Moelle osseuse : anatomie et physiologie
La moelle osseuse est un tissu situé dans la cavité médullaire des os. On en décrit deux sortes : la moelle jaune, qui est du tissu graisseux, et qui devient de la moelle grise avec l’âge (c'est elle que l'on déguste dans un "os à moelle") ; et la moelle rouge, la plus importante car responsable de l’hématopoïèse, autrement dit de la production des éléments figurés du sang : globules blancs, globules rouges et plaquettes.
La moelle rouge, qui fabrique quotidiennement 1000 milliards de cellules sanguines (eh oui !), contient deux types cellulaires : les cellules souches hématopoïétiques, dont le nombre est constant (car à chaque division d’une cellule souche une des cellules créées reste une cellule souche, et l’autre se différencie en cellule sanguine), et les cellules stromales, qui sont les cellules hématopoïétiques elles-mêmes.

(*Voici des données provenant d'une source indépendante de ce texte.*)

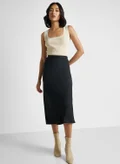CALVIN KLEIN Logo Waistband Midi Skirt
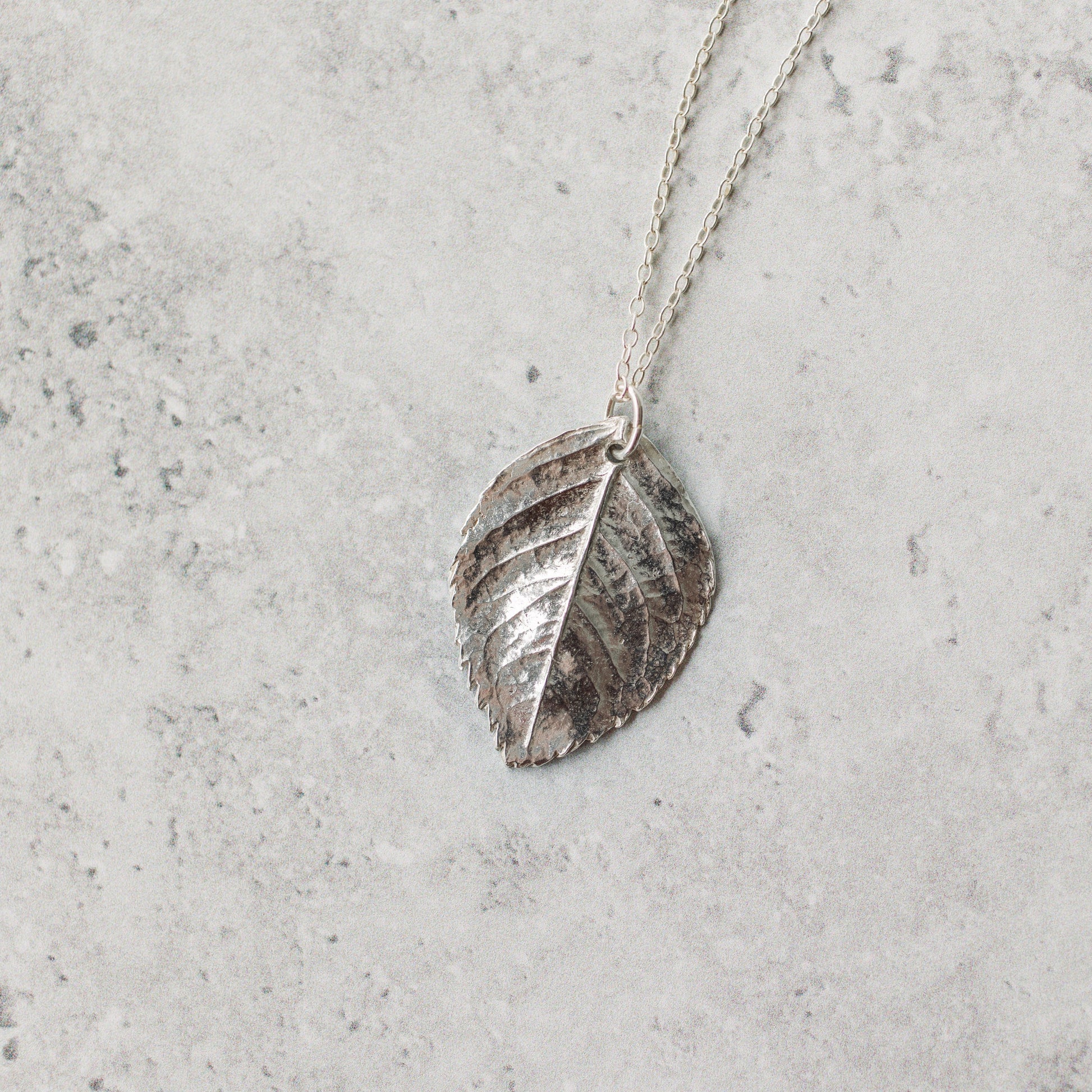 Handmade silver rose leaf necklace - Iris & Lolli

Jusqu’à l’âge de cinq ans, tous les os participent à la fonction hématopoïétique, qui se concentre ensuite dans les os courts et plats comme le sternum, les côtes, les vertèbres ou encore les os iliaques.
Pour explorer la moelle osseuse, on dispose de deux examens : la ponction médullaire (en général réalisée au niveau du sternum) qui permet un myélogramme (étude cytologique à partir d’un frottis de moelle) ; et la biopsie ostéo-médullaire qui permet une étude histologique ; elle est en général prélevée au niveau de la crête iliaque. Ce dernier examen a la réputation justifiée d’être douloureux.
Maladies de la moelle osseuse
Là encore, il existe de nombreuses affections de la moelle osseuse, certaines d’entre, appelées hémopathies malignes, étant particulièrement graves.
Les affections médullaires sont :
- l’aplasie médullaire ;
- la maladie de Waldenström ;
- les métastases médullaires ;
- les myélodysplasies ;
- les myélomes (maladie de Kahler) ;
- les syndromes myéloprolifératifs, dont il existe de nombreuses variétés touchant les trois lignées cellulaires sanguines.
Quand le dysfonctionnement médullaire aboutit à la baisse de production des cellules d’une lignée, cela donne : pour la lignée rouge, l’anémie (son contraire est la polyglobulie) ; pour la lignée blanche, la neutropénie (son contraire s’appelle l’hyperleucocytose) ; et pour les plaquettes, la thrombopénie (son contraire étant la thrombocytose).
Greffe de moelle osseuse
La greffe de moelle est un acte qui consiste à transférer d’un donneur à un receveur un fragment de moelle osseuse rouge. Comme il n’y a aucun geste technique de raccordement, il s’agit d’une greffe et non pas d’une transplantation.
Le donneur est toujours un donneur vivant. Le receveur doit souffrir d’une affection médullaire particulièrement grave pour bénéficier de cette technique, dont il existe deux variantes : l’allogreffe qui provient d’un donneur sain le plus proche possible du receveur dans le système HLA (on parle d’histocompatibilité), ce qui veut dire qu’il s’agit en général d’un membre de la famille proche (les jumeaux sont en principe histocompatibles) ; l’autogreffe, qui utilise la propre moelle du patient, prélevée avant la réalisation d’un traitement dont on sait qu’il va placer le patient en aplasie, comme dans certaines chimiothérapies lourdes).
En France, la greffe de moelle, gratuite comme tous les dons d’organes dans notre pays, est gérée par l’Agence de la Biomédecine/Registre France Greffe de Moelle.